El contraste y la crítica entre Vila y Sahuí. Bienvenido el ejercicio de la libertad de expresión en aras de informar a la ciudadanía. Hoy sabemos mejor que ayer qué creen, qué proponen y de qué pie cojean. También aprendimos qué prefieren callar y cómo responden frente a acusaciones. Ahora toca revisar si las acusaciones que lanzaron son ciertas y exigir respuestas más claras y contundentes a futuros cuestionamientos.

Lo malo.

La discusión sobre seguridad dejó mucho que desear. Ninguno de los candidatos fue más allá de lugares comunes como fortalecer a la policía, prevenir la violencia, instalar más cámaras y, obvio, seguir confiando en el teniente “ya saben quien”. Basta de presumir nuestro primer lugar en seguridad como un derecho divino. La realidad es que la seguridad es algo muy frágil que podemos perder en cualquier momento. Espero que para el próximo debate y en el resto de la campaña podamos tener una discusión más seria y mejor informada al respecto. La paz y la tranquilidad de las y los yucatecos no se debe tomar a la ligera.

Lo feo.

Ver a Huacho, Zavala y Sahuí leyendo sus respuestas. Aunque Huacho fue quien abusó más de la lectura (y, por ende, quien se vio menos preparado), la realidad es que Zavala y Sahuí también lo hicieron, dejando dudas sobre su conocimiento de los temas y abonando a la creencia (¿la realidad?) de que los candidatos suelen ser excesivamente precavidos, mecánicos y conservadores, al grado que prefieren leer respuestas sencillas a asumir el riesgo de cometer una pifia. No cabe duda de que la cultura del debate en México y Yucatán sigue siendo muy pobre.

El saldo.

Zavala se mantiene en niveles bajísimos de voto. Huacho baja, perdiendo su pequeño momento tras el anuncio de su candidatura y estancándose en un lejano tercer lugar.
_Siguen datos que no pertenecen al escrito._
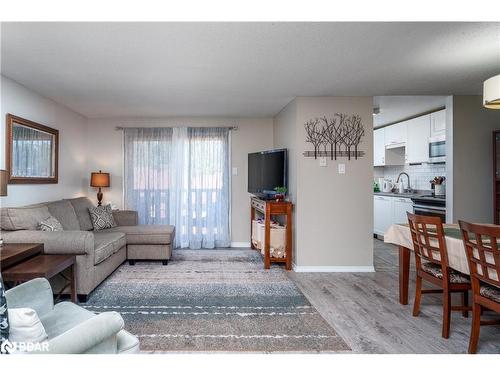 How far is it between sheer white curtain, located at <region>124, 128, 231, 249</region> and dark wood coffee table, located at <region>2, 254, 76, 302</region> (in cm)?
258

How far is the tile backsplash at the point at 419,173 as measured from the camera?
5.67 metres

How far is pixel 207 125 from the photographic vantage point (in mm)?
5676

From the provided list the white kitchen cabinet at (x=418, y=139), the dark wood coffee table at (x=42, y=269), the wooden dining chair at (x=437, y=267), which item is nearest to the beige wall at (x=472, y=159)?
the white kitchen cabinet at (x=418, y=139)

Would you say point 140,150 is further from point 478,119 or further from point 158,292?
point 478,119

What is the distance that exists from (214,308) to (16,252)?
1718mm

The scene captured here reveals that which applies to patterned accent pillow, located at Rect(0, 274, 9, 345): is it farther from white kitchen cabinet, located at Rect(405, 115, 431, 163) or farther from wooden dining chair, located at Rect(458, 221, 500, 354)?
white kitchen cabinet, located at Rect(405, 115, 431, 163)

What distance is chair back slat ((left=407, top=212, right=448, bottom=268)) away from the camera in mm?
2385

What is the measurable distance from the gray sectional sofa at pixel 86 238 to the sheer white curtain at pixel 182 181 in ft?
2.12

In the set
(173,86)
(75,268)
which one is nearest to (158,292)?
(75,268)

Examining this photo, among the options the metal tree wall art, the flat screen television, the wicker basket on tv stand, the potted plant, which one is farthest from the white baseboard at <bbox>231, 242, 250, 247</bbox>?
the metal tree wall art

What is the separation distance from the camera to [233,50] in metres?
2.66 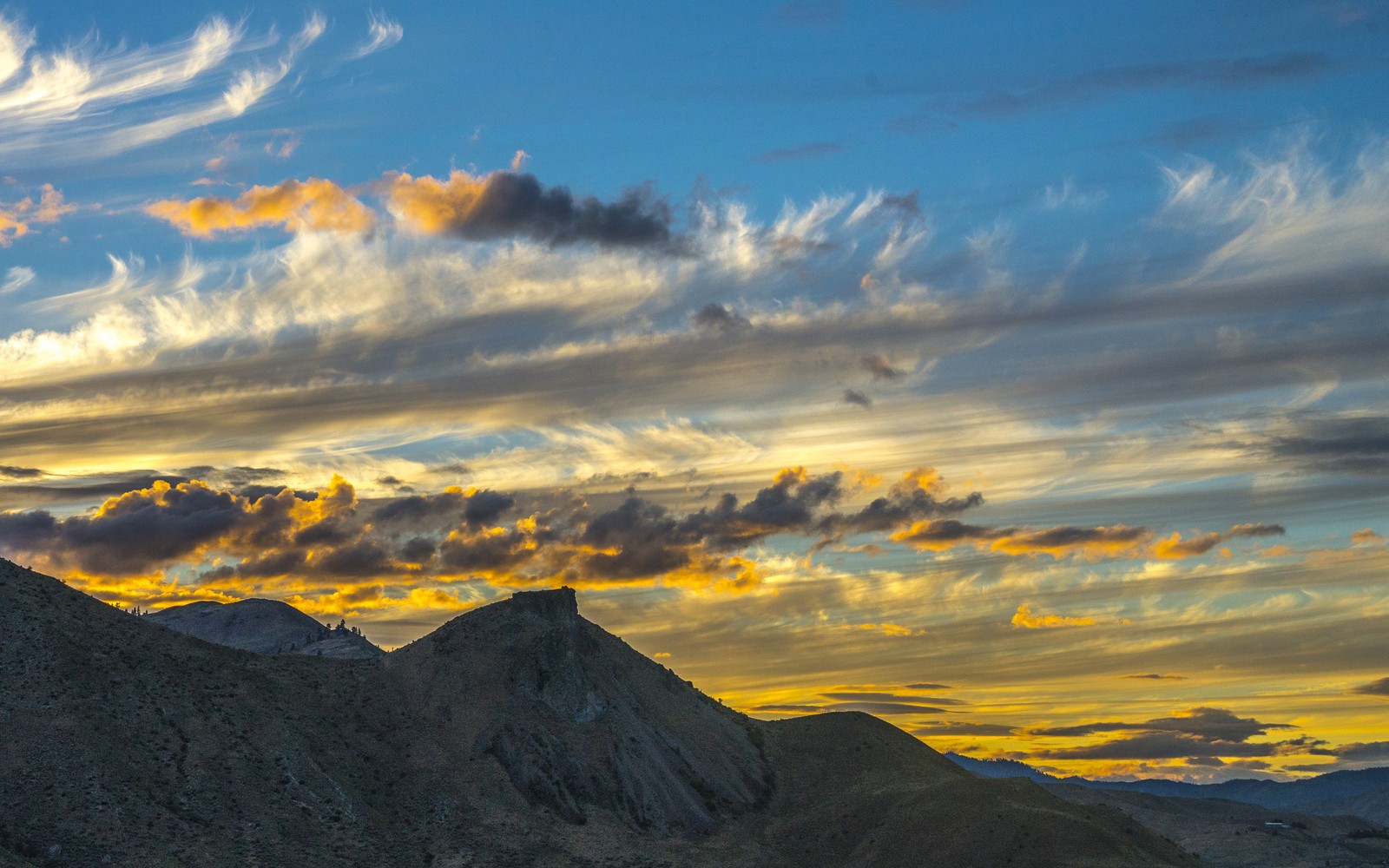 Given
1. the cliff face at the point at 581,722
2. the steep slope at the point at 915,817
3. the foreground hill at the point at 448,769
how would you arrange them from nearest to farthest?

Vila y Sahuí se mantienen, dejando todo en el aire para el resto de la campaña, para el segundo debate organizado por el IEPAC y para los debates que seguramente sostendrán en eventos organizados por sociedad civil. En resumen, se vienen días intensos de campaña.

Artículo publicado en el Diario de Yucatán, el 3 de mayo.